Problem to work on
Please restate, exactly as they appear, only the lines from the one that contains "Jelly Green Men" to the final line of the entries, with no pictures.
Excerpted records Block Start
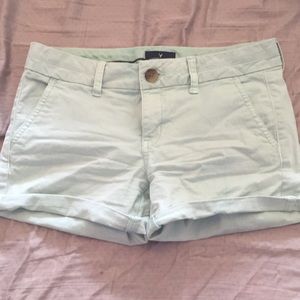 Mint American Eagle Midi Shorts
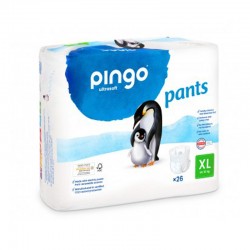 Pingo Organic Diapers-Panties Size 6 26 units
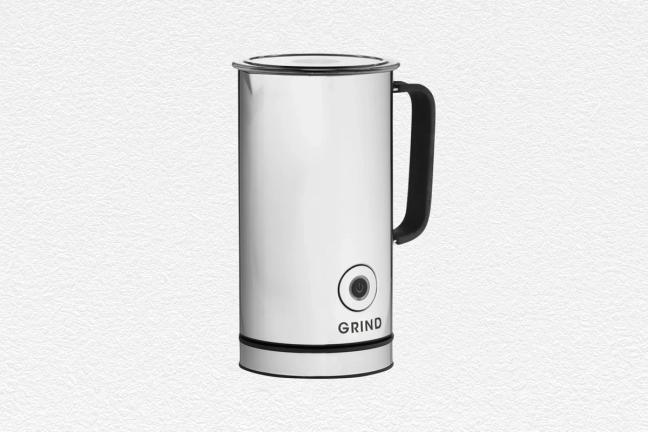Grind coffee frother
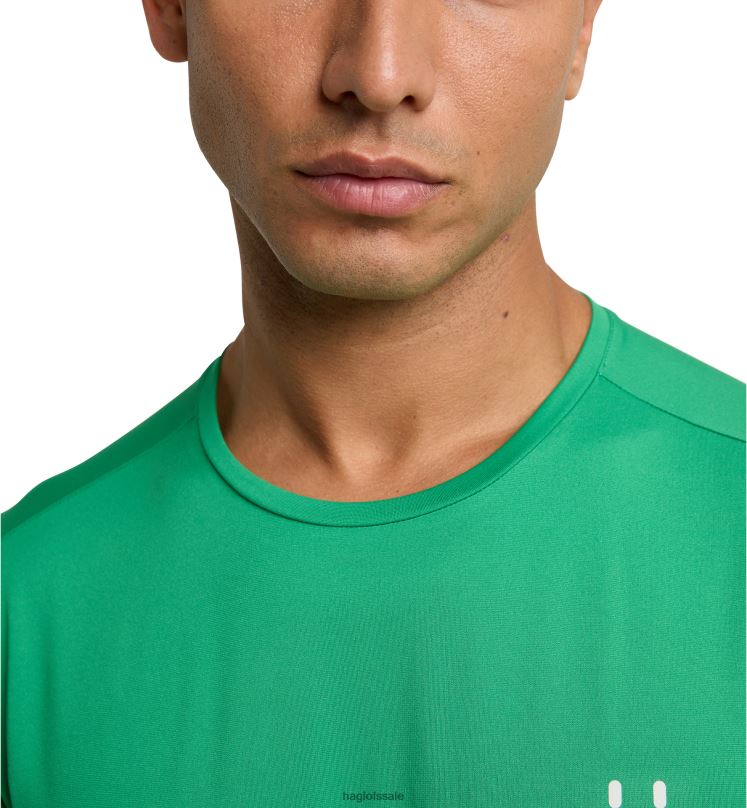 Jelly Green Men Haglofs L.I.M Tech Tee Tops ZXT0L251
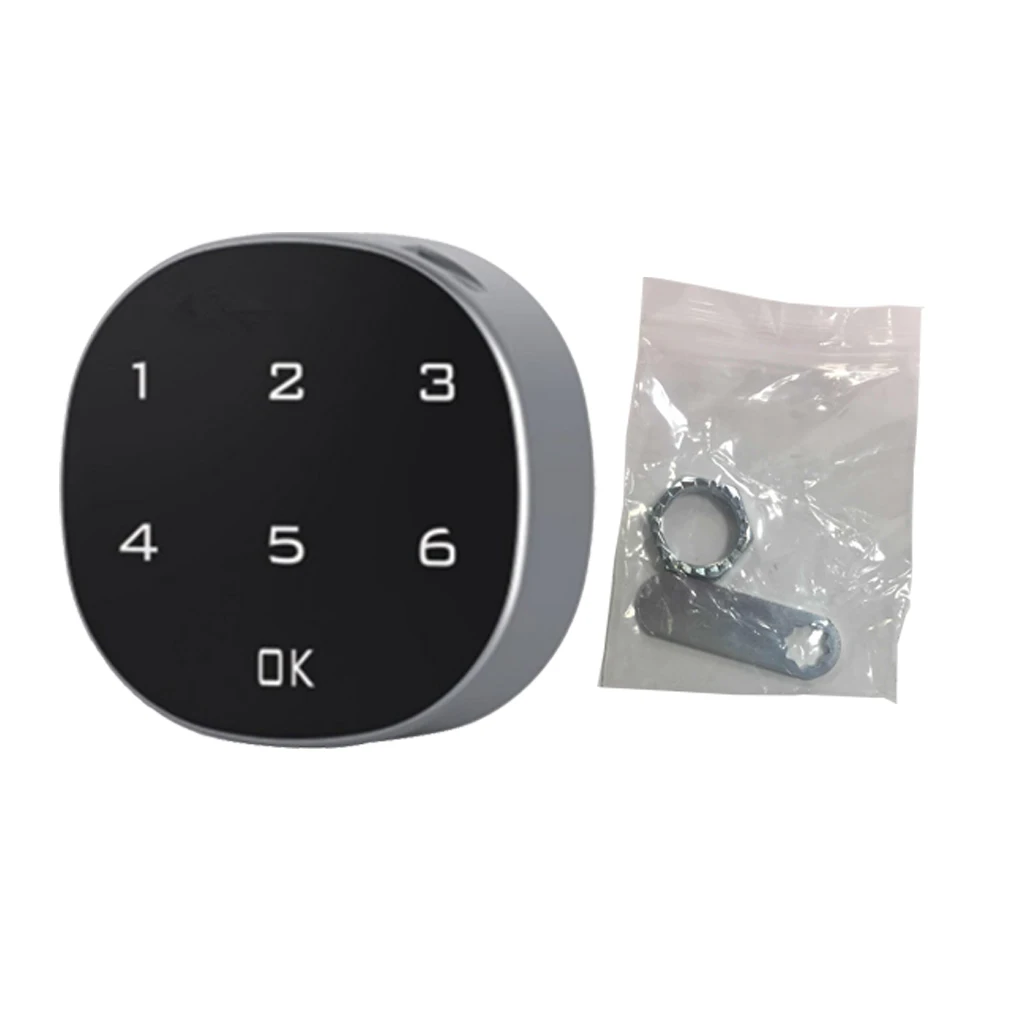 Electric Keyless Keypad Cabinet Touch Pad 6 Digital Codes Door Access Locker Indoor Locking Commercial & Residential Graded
Excerpted records Block End
Answer to this task
 Jelly Green Men Haglofs L.I.M Tech Tee Tops ZXT0L251
 Electric Keyless Keypad Cabinet Touch Pad 6 Digital Codes Door Access Locker Indoor Locking Commercial & Residential Graded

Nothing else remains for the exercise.